◆ **Task goal**
Line by line, retype the material exactly and leave each picture out.

◆ **Supplied data**

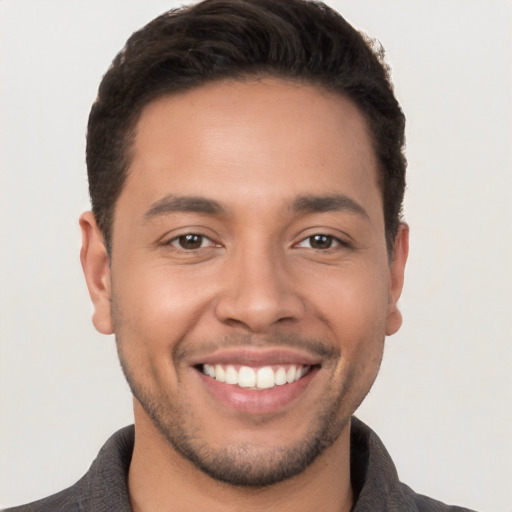 Joyful white young-adult male with short  brown hair and brown eyes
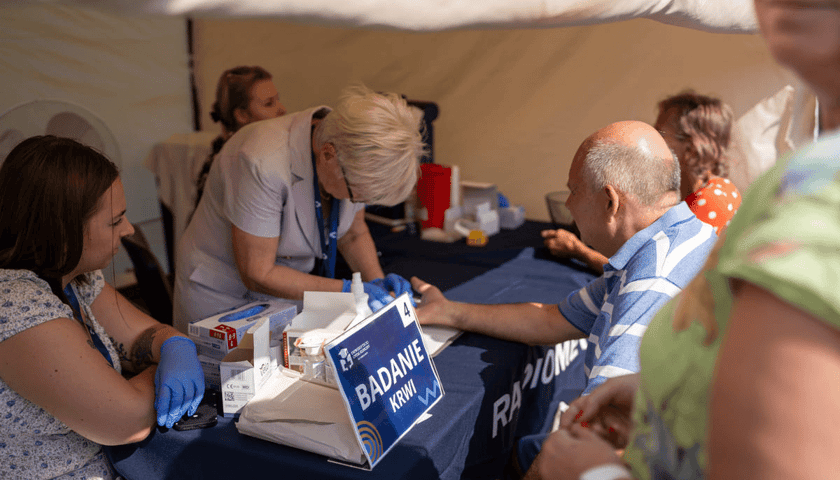 Kobiety i mężczyźni podczas badania krwi. Edycja Wrocławskich Dni Promocji Zdrowia w 2024 r. 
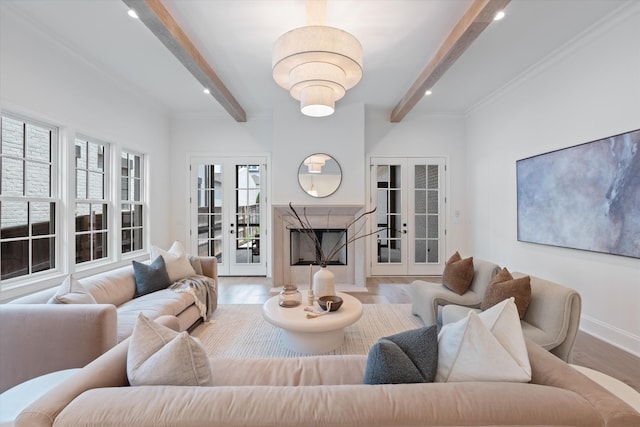 living area with french doors, beamed ceiling, baseboards, and wood finished floors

◆ **Answer space**
 Joyful white young-adult male with short  brown hair and brown eyes
 Kobiety i mężczyźni podczas badania krwi. Edycja Wrocławskich Dni Promocji Zdrowia w 2024 r. 
 living area with french doors, beamed ceiling, baseboards, and wood finished floors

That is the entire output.